For more information, check the man page for chmod:

$ man chmod  


Solution:3

As others have mentioned you should not have permissions set to 777

Here's a helpful reference sheet that i use.

+-----+---+--------------------------+  | rwx | 7 | Read, write and execute  |  | rw- | 6 | Read, write              |  | r-x | 5 | Read, and execute        |  | r-- | 4 | Read,                    |  | -wx | 3 | Write and execute        |  | -w- | 2 | Write                    |  | --x | 1 | Execute                  |  | --- | 0 | no permissions           |  +------------------------------------+  You can use the octal notation, where the three digits correspond to the user, then group, then other.   Perhaps this might help   +------------+------+-------+  | Permission | Octal| Field |  +------------+------+-------+  | rwx------  | 700  | User  |  | ---rwx---  | 070  | Group |  | ------rwx  | 007  | Other |  +------------+------+-------+  


Solution:4

In order to share files with a person you gave a login to, you don't need to do anything in particular. On a default Debian installation, users have access to each others' home directories.

For instance,

$ ls -ld ~  drwxr-xr-x 65 zwets zwets 4096 Sep 29 12:06 /home/zwets  

Permissions on my home directory are read (r) and access (x) for any user on my system. Only I additionally have write (w) access.

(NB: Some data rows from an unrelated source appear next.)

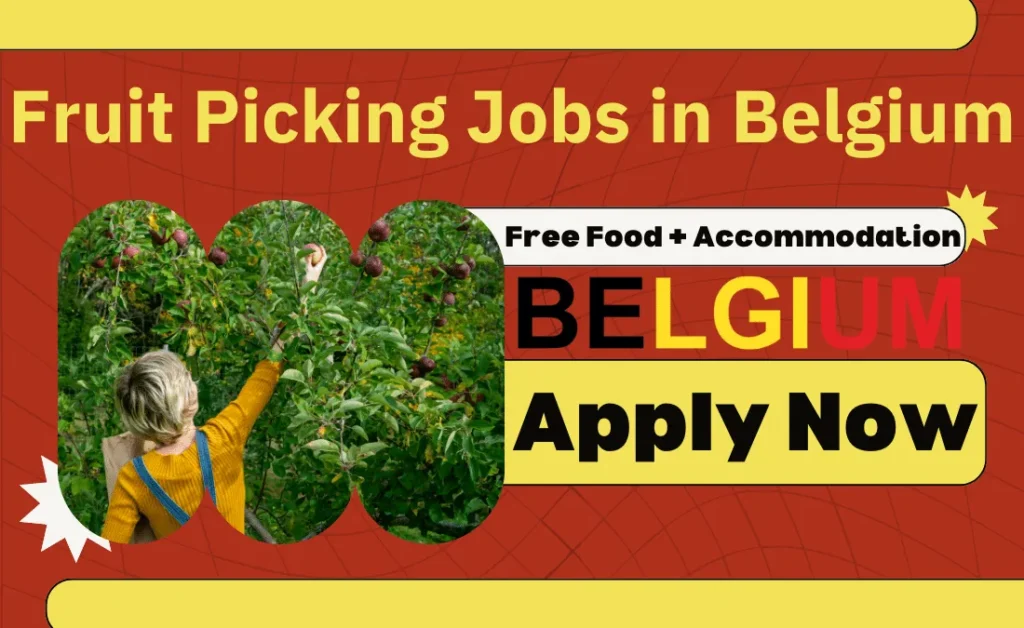 Fruit Picking Jobs in Belgium for Foreigners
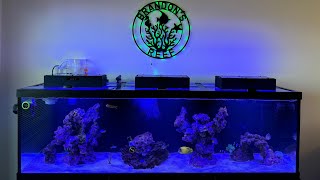 Petsmart Aqueon 125 gallon aquarium review [upl. by Lavona621]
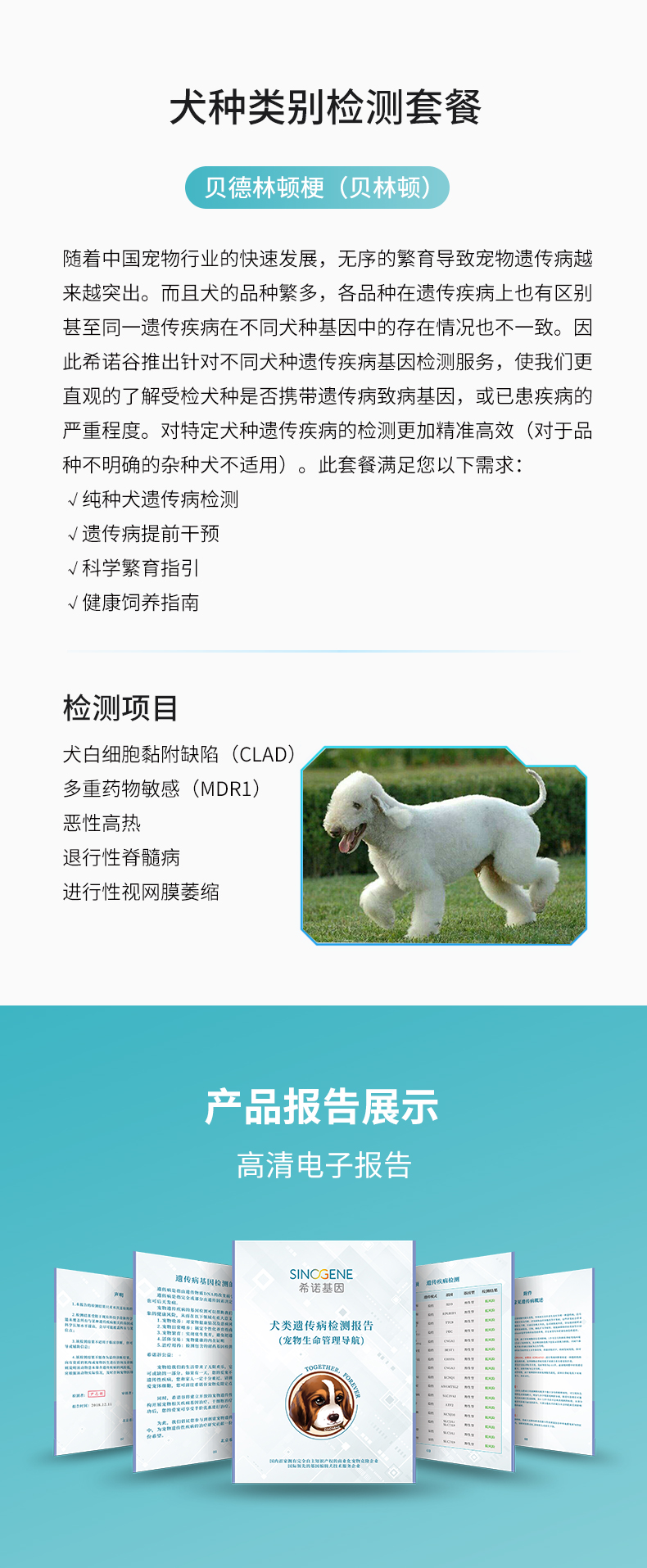 貝林頓.jpg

Also, the default umask on Ubuntu is such that files and directories that users create are world readable by default. You could set the umask to 077 if you didn't want that.

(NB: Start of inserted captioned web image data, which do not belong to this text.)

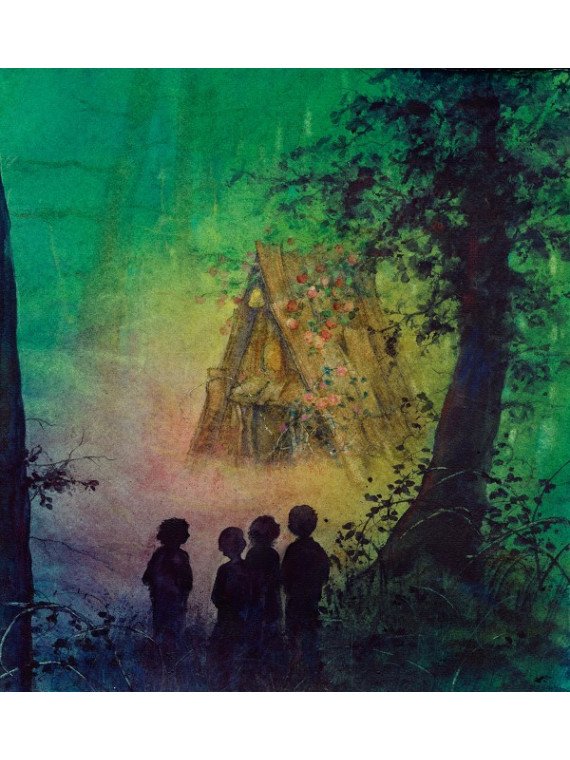 Hans Christian Andersen/Daniela Drescher - Buch "Hans Christian Andersens schönste Märchen"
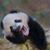 Virginia Snow's profile image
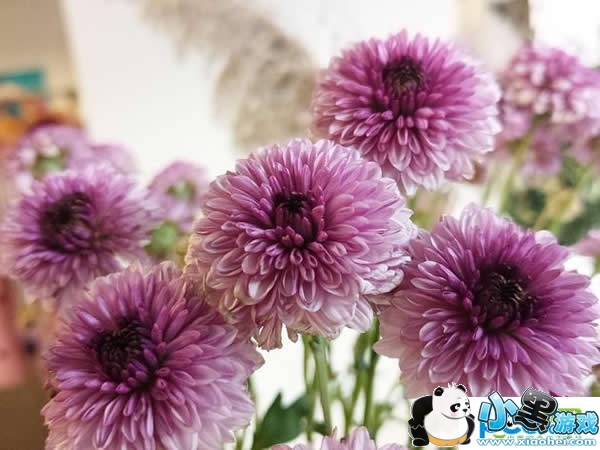 ��ͼV6�ֻ���ô�� ��ͼv6����Ǯ ��ͼV6����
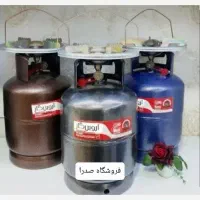 پیک نیک پیکنیک استاندارد۵کیلویی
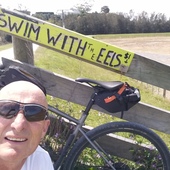 User avatar for martin gilkison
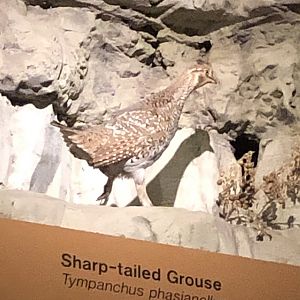 CMNH Sharp-tailed Grouse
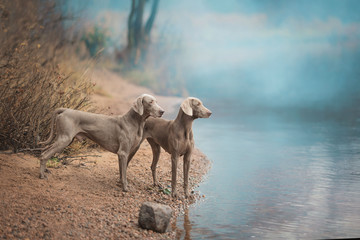Два собаки породы веймаранер стоят у воды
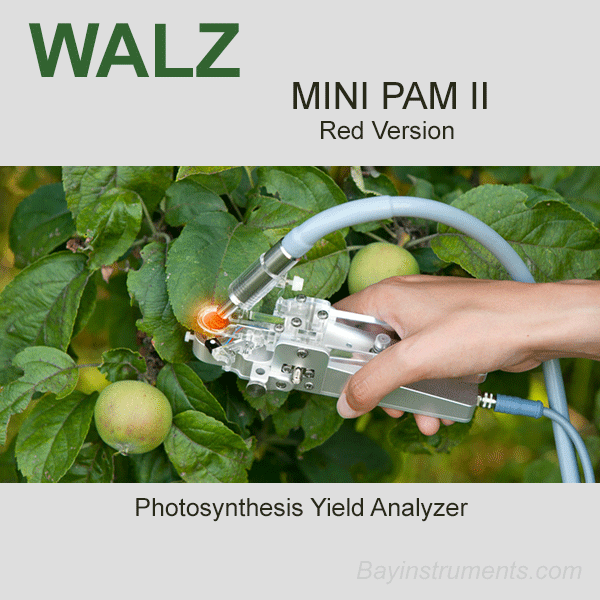 Walz MINI-PAM II Photosynthesis Yield Analyzer, Walz Fluorometers and Photosynthesis Equipment - Bay Instruments, LLC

What this means that in a default setup, if user you wants to share document ~/README.txt with me, then there's nothing you needs to do. I can simply view it:

$ who am i  zwets    pts/26       2016-09-29 08:05 (:pts/19:S.6)  $ ls -l ~you/README.txt  -rw-r--r-- 1 you you 24 Sep  8 11:23 /home/you/README.txt  $ cat ~you/README.txt  You's shared thoughts.  

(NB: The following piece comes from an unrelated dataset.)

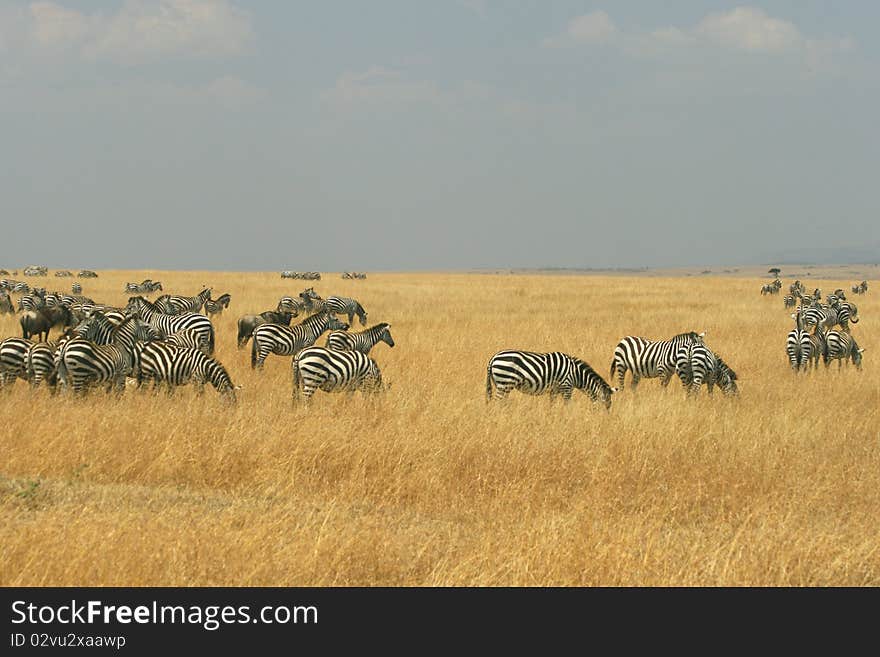 Zebras in Kenya s Maasai Mara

I can't edit or remove the file, but I can copy it to a location where I have write permission. Then I own the copy:

$ echo "Adding my thoughts." >> ~you/README.txt  bash: /home/you/README.txt: Permission denied  $ rm ~you/README.txt  rm: remove write-protected regular file '/home/you/README.txt'? yeah!  rm: cannot remove '/home/you/README.txt': Permission denied  $ cp ~you/README.txt ~zwets  $ ls -l ~/README.txt  -rw-r--r-- 1 zwets zwets 24 Sep  29 14:09 /home/zwets/README.txt  

There are good reasons why most of the system is world readable by default, as I've explained in another answer on AskUbuntu. However, on a shared system it may make sense to make home directories inaccessible to non-owners:

$ chmod o-rwx ~  $ ls -l ~  drwxr-x--- 65 zwets zwets 4096 Sep 29 12:06 /home/zwets  

... as many users apparently aren't aware of the default - QED ;-). It would be wiser though to make users aware that file permissions don't protect secrets.


Solution:5

In Ubuntu, any user has superuser privilege who are added in the group 'sudo', Please check it to ensure that no other user are added in this group.

To secure your files and directory from other users you can set permission as suggested by Mr. Journeyman Geek in above answer.

You can also use special permissions to secure your files and directories from others.